## Dataset content
_ _ _ _ _ _ _

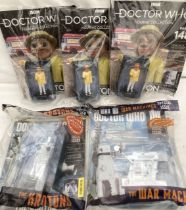 Doctor Who: A collection of assorted Doctor Who Eaglemoss magazine issues, to include: three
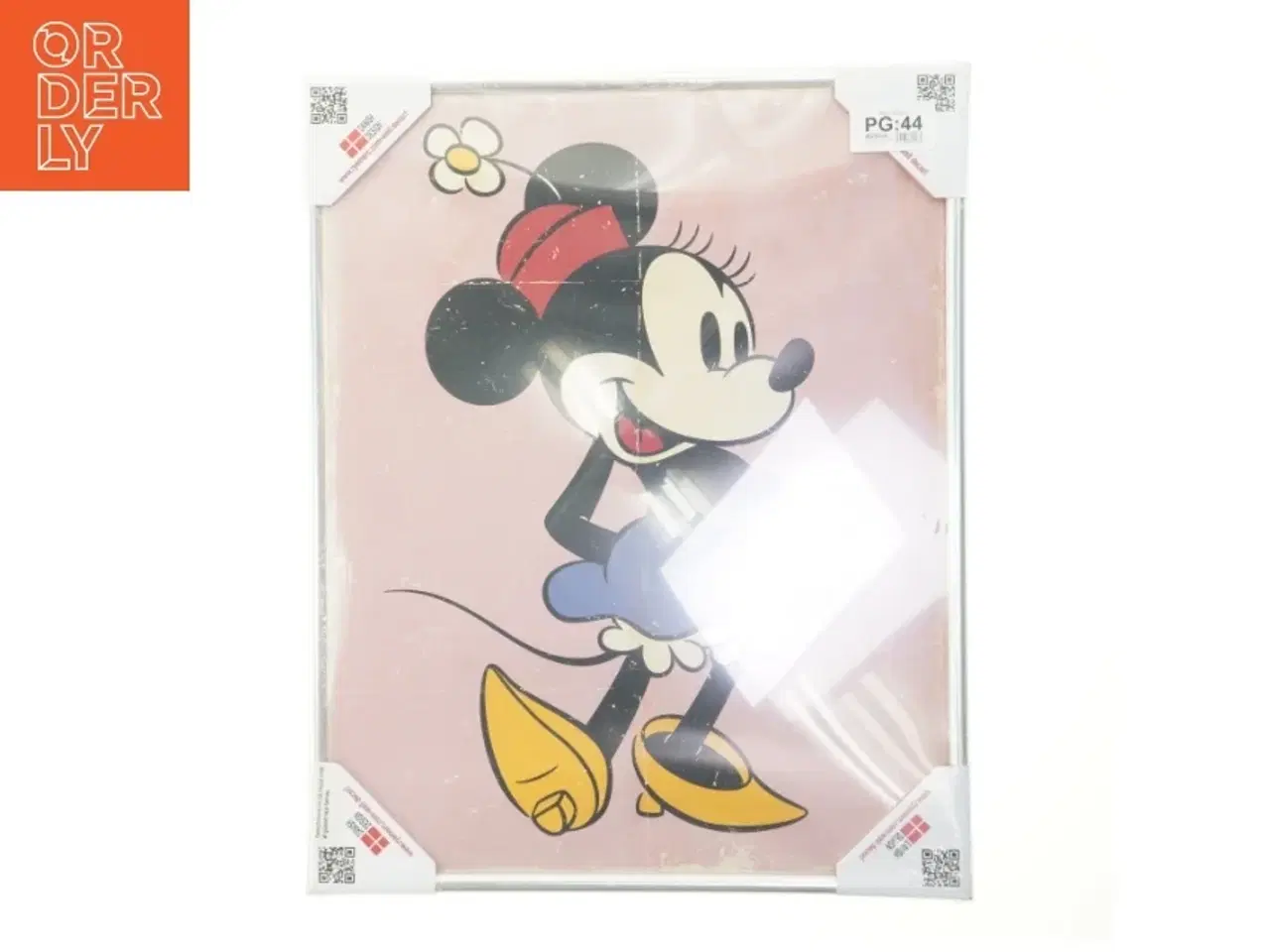 Billede 1 - Minnie Mouse plakat med ramme fra Rye Merc (str. 40x50 cm)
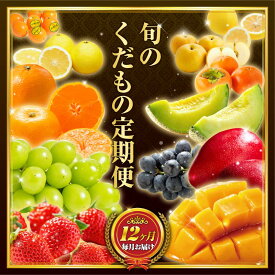 【ふるさと納税】旬のくだもの定期便 全12回 マンゴー いちご マスカット 国産 宮崎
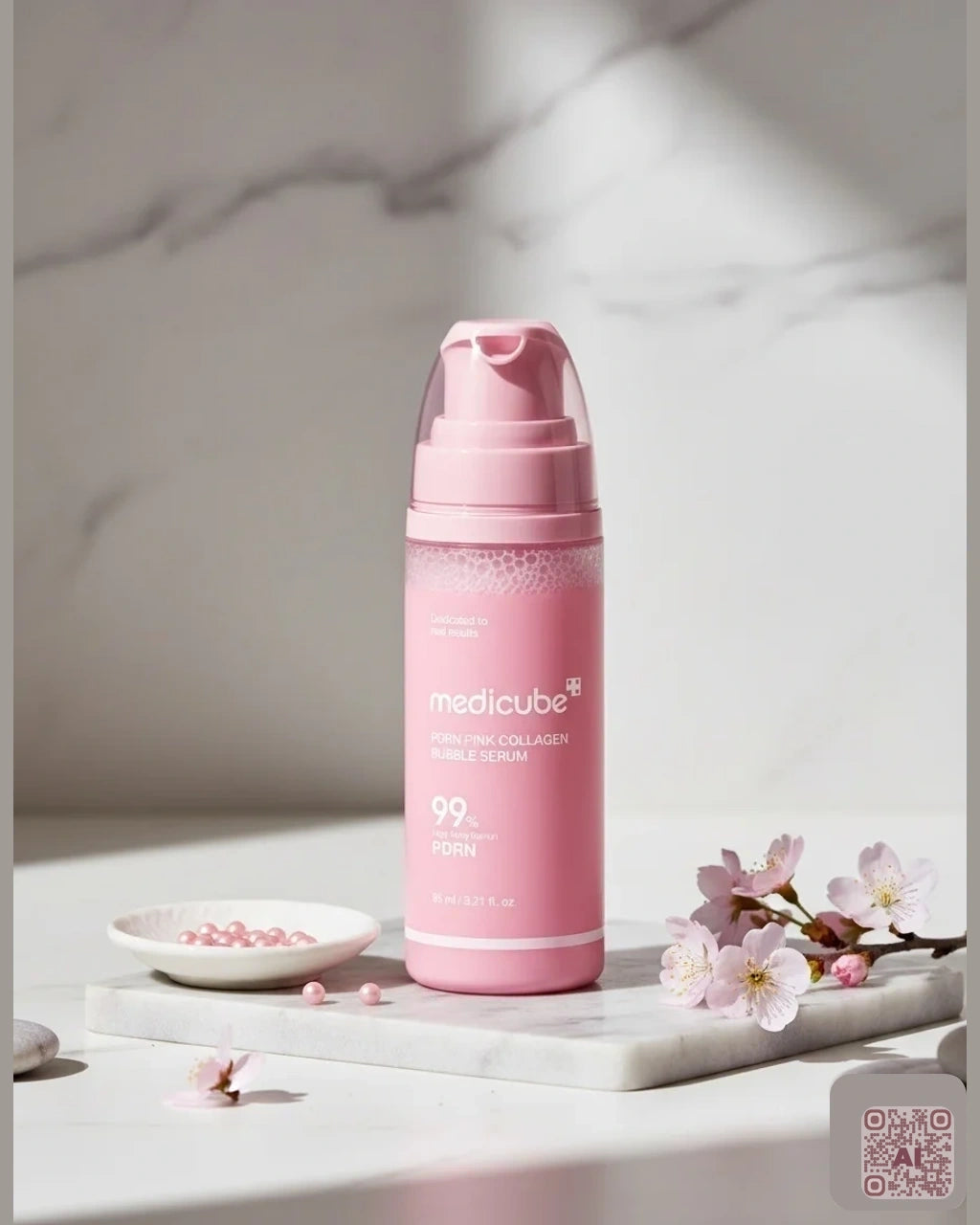 Zdjęcie wygenerowane przy użyciu AI · Bąbelkowe serum Medicube (4)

_ _ _ _ _ _ _

## Work instruction
Give the preceding data back exactly, minus every picture.

## Response area
 Doctor Who: A collection of assorted Doctor Who Eaglemoss magazine issues, to include: three
 Billede 1 - Minnie Mouse plakat med ramme fra Rye Merc (str. 40x50 cm)
 【ふるさと納税】旬のくだもの定期便 全12回 マンゴー いちご マスカット 国産 宮崎
 Zdjęcie wygenerowane przy użyciu AI · Bąbelkowe serum Medicube (4)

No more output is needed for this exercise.